Data records >>
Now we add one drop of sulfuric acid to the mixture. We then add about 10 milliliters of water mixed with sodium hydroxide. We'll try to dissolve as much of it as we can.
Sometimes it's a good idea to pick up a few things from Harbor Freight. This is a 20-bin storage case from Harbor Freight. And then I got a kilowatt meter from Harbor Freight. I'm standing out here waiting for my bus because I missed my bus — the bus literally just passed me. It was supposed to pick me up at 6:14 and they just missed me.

==

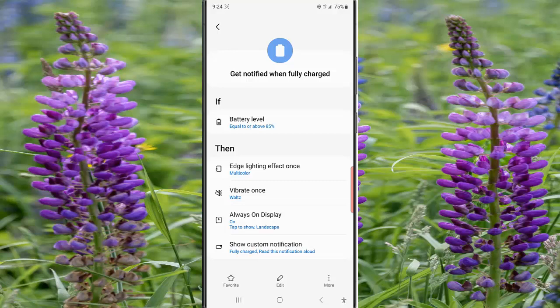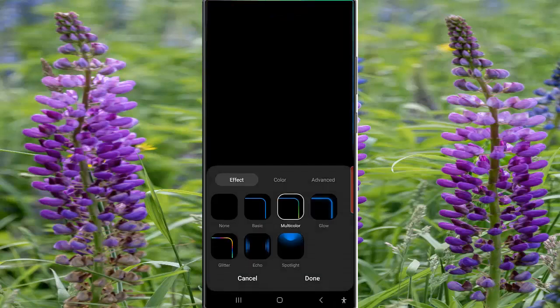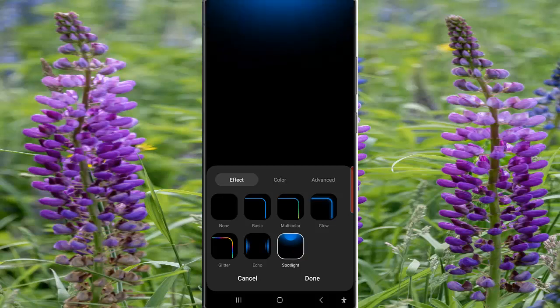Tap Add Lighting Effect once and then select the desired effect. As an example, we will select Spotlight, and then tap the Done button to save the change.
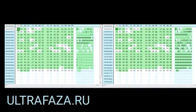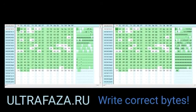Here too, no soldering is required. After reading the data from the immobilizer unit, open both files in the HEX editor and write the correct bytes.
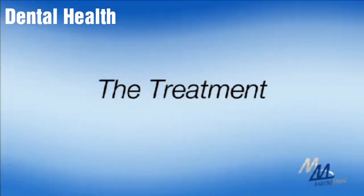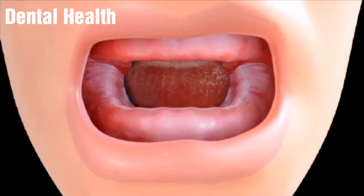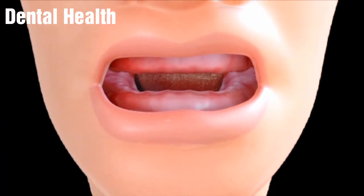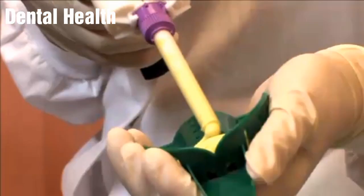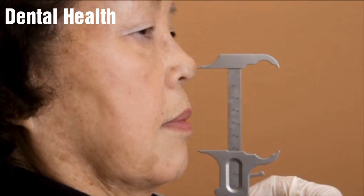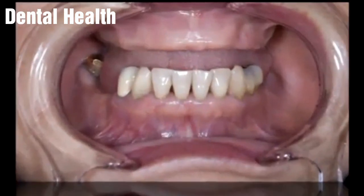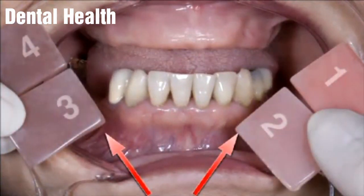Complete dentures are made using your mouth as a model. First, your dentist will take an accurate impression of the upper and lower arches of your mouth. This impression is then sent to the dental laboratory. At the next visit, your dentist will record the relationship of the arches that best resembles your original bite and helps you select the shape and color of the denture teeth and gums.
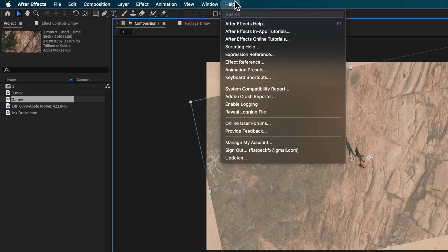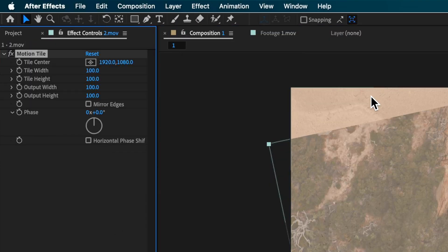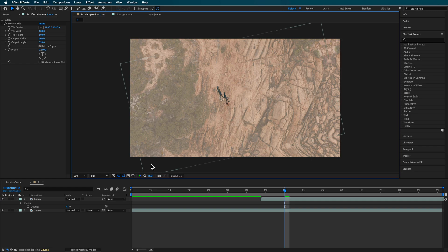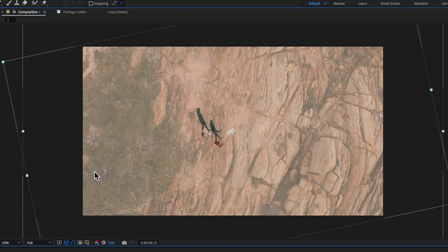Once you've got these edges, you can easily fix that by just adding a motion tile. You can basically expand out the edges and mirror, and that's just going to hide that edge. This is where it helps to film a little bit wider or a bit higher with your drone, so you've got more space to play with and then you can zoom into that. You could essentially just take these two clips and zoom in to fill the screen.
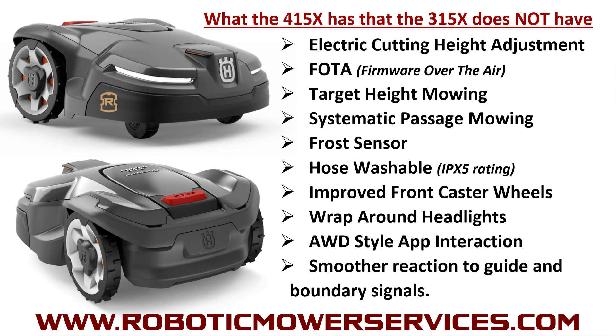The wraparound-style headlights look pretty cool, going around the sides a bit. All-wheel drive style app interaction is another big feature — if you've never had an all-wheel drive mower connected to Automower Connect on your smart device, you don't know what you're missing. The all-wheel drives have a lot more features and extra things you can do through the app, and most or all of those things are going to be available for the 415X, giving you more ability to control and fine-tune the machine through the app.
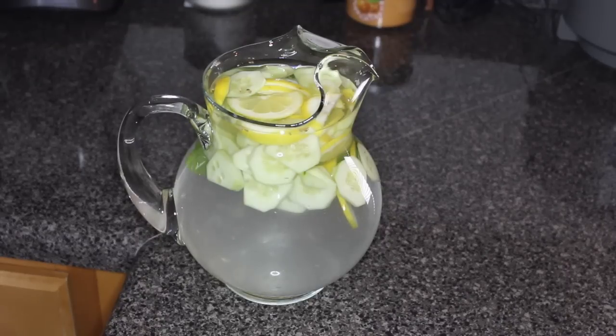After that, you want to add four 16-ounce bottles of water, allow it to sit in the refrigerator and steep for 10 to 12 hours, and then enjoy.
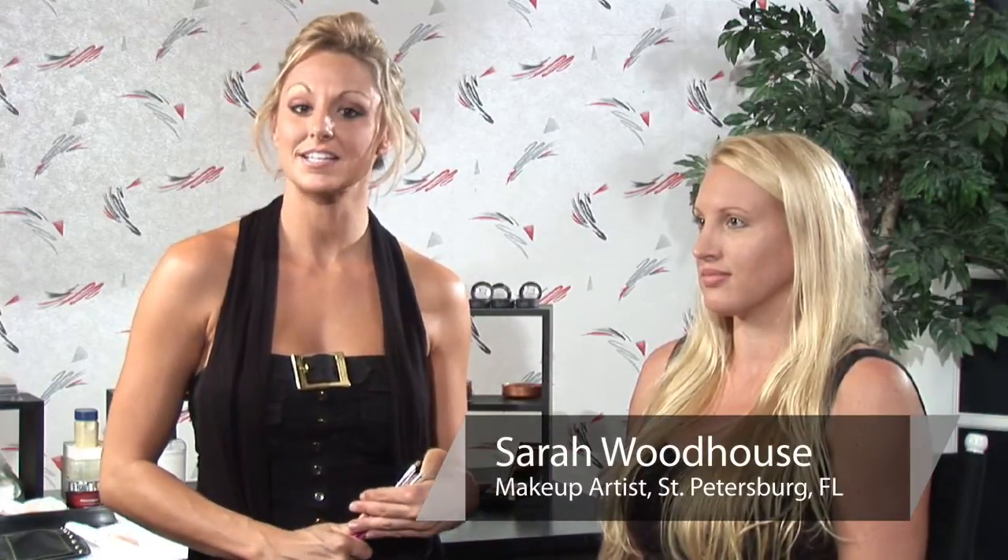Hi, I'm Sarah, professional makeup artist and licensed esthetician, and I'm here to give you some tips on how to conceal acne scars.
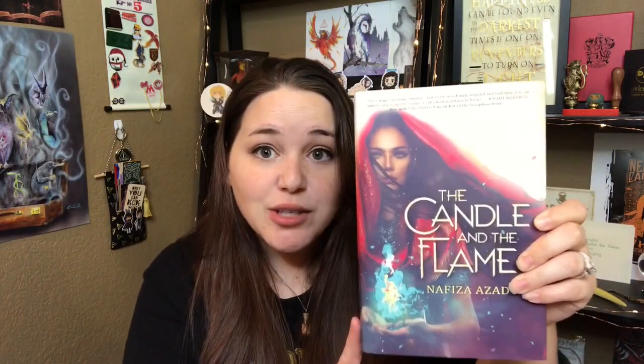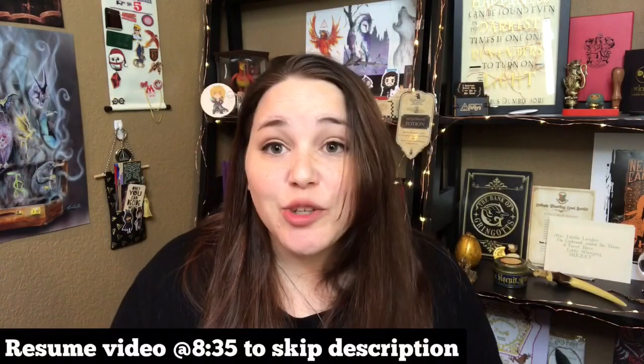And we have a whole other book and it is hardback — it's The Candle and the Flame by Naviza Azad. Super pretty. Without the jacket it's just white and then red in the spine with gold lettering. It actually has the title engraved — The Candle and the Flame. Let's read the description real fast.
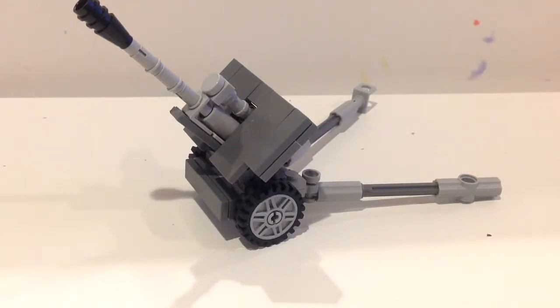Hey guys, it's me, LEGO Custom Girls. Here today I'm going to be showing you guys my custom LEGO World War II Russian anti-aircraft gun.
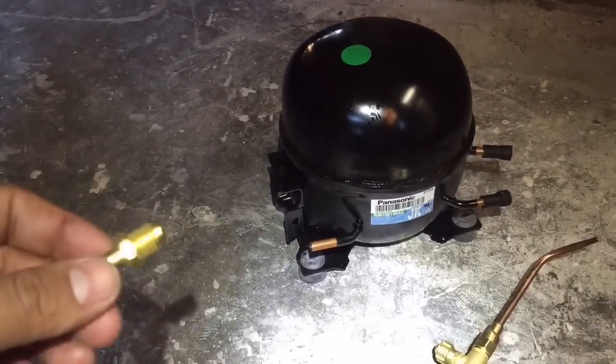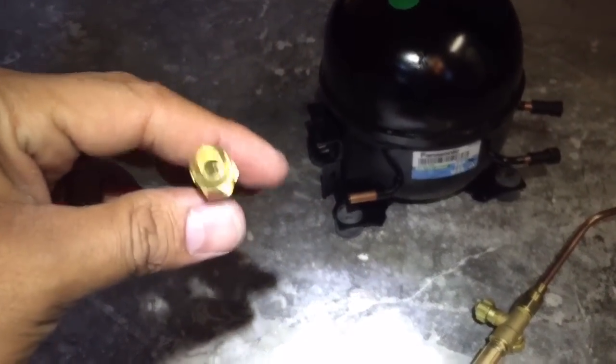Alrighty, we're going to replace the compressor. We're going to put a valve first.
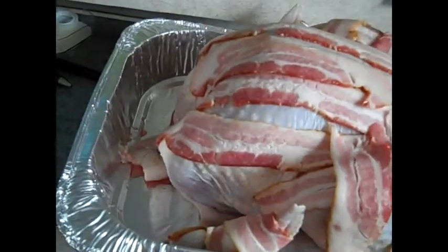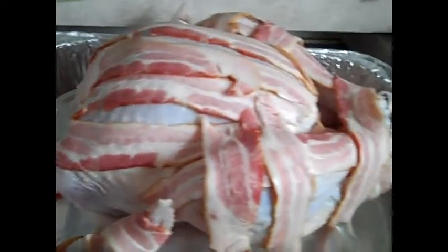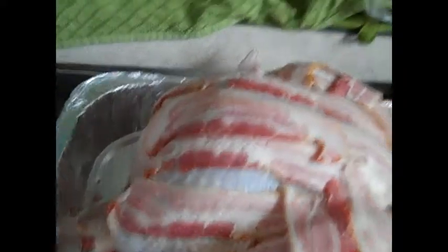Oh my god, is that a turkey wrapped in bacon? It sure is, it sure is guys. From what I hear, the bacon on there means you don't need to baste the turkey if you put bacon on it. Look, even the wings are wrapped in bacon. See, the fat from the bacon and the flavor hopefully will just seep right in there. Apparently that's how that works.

Required action >>
Among the lines above, find the one with "Now we add one" and the one with "Sometimes it's a". Quote both and everything between them, exactly.

The completed task >>
Now we add one drop of sulfuric acid to the mixture. We then add about 10 milliliters of water mixed with sodium hydroxide. We'll try to dissolve as much of it as we can.
Sometimes it's a good idea to pick up a few things from Harbor Freight. This is a 20-bin storage case from Harbor Freight. And then I got a kilowatt meter from Harbor Freight. I'm standing out here waiting for my bus because I missed my bus — the bus literally just passed me. It was supposed to pick me up at 6:14 and they just missed me.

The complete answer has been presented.